50 finalist projects from all around India are setting up their tents, the World Bank India Country Office staff is scrambling to make last touches and the buzz is unlike any other Sunday: the second India Development Marketplace event is getting ready for official launch tomorrow, Monday 28, 2007 with the President of India, Dr. A.P.L. Abdul Kalam cutting the red ribbon. This blog will cover the two day event live from the ground, and tell the stories of the 50 social innovators who will compete to be among the 20 winners to receive US$20,000 each. This way, we hope to share the DM experience with everyone.
So if you have been involved in the IDM 2007, as an applicant, as a finalist or as an organizer, or have an opinion about it, we invite you to contribute to our blog. Be heard, and help us fulfill one of DM program’s core objective of sharing information.







Mon, 05/28/2007 - 03:10
I was one of the first round assessors for the IDM2007 proposals. While sifting through the 100 odd proposals that I saw, barring a few, the majority seemed to have come from a milieu of people who can be deemed as ordinary citizens - some in partnership with NGOs and other charitable organizations - and some as individuals. However, it was quite refreshing to see so many people interested in tackling development issues challenging India.

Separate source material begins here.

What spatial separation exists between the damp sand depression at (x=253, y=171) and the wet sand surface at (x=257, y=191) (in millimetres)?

Some innovative approaches, a lot of proven methods to be deployed at remote locations - where resources are scare, and reach even more so - there seemed to be a commonality in almost all proposls.
People recognize the development issues, however, getting political will, infrastructure, resources and community participation - in a single file with a singular purpose seems like a daunting task.
Many of the proposals lack scalability or replicability, some will face bureaucratic red-tape, some would wither away while walking in the baking sun, slushy neighbourhoods and polluted waterways.
What seems to be a genuine lack in most ideas - is the full force of a "professionally driven organization" which would have performance indices and benchmarks on critical success factors for completion of a project, an objective or even a milestone; and remuneration for the workers commensurate with their corporate world brethren.
So, the question really is - while governments, socially responsible citizens and NGOs struggle to cope up with development issues - when will Corporate India wake up to the development charter - and take projects up as a "revenue-generating exercise" - professionally run and managed. Currently Corproate India seems to be content with the smattering of "Corporate Social Responsiblity" (CSR) to a certain extent.
Bottomline Corporate India is interested in bottomline and topline growth, and public image enhancement. Is there a mechanism where these objectives can be met whilst tackling a development issue in India?